Durante questo tempo, di allontanamento di I. dall'agenzia, A. tentò plurime volte di contattarlo, avendo infine una conversazione telefonica con I. durante la quale si lamentò del fatto che non lo avesse raggiunto, come d'accordo, nel luogo concordato, e lo rimproverò con durezza per il ritardo.
La Corte di assise di appello ha logicamente osservato che toni del rimprovero e inquietudine lasciavano intendere che l'appunto era di cruciale importanza e che la conversazione telefonica ben si spiega alla luce dei movimenti pregressi dei due, che erano stati insieme poche decine di minuti prima per concordare il programma criminoso.
E ha poi logicamente escluso che la conversazione telefonica e i rimproveri per il ritardo fossero determinati dalle esigenze di organizzazione di una non meglio precisata lotteria, come invece sostenuto da A..

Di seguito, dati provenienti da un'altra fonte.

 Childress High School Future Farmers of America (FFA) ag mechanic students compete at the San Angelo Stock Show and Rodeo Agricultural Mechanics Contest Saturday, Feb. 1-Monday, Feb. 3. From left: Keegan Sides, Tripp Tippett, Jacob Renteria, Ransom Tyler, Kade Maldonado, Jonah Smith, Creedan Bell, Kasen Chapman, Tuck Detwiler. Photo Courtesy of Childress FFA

La Corte di assise di appello ha aggiunto, ancora una volta con argomentazioni logicamente ineccepibili, che una lettura coordinata degli avvenimenti di quelle ore che precedettero l'aggressione ai danni dell'avv.to F., dei movimenti degli imputati, dei loro contatti, induce ragionevolmente a ritenere che nel corso della conversazione intercettata a cornetta aperta delle ore 19.09 il terzo interlocutore, impegnato nella messa a punto dei dettagli organizzativi del programma criminoso, era proprio A..
4.2. Il secondo motivo è infondato.
La Corte di assise di appello, come già si è argomentato in merito al corrispondente motivo del ricorso di F. A., ha ampiamente e logicamente motivato l'esclusione della natura preterintenzionale dell'omicidio, e certo non valgono ad infirmare la tenuta logica della motivazione i rilievi di ricorso.
5. I ricorsi devono pertanto essere rigettati.
Al rigetto dei ricorsi segue la condanna dei ricorrenti F. A., S. I. e A. A. al pagamento delle spese processuali e alla rifusione delle spese sostenute nel presente giudizio dalle parti civili, che sono liquidate, come da dispositivo, sulla base delle richieste dalle stesse proposte.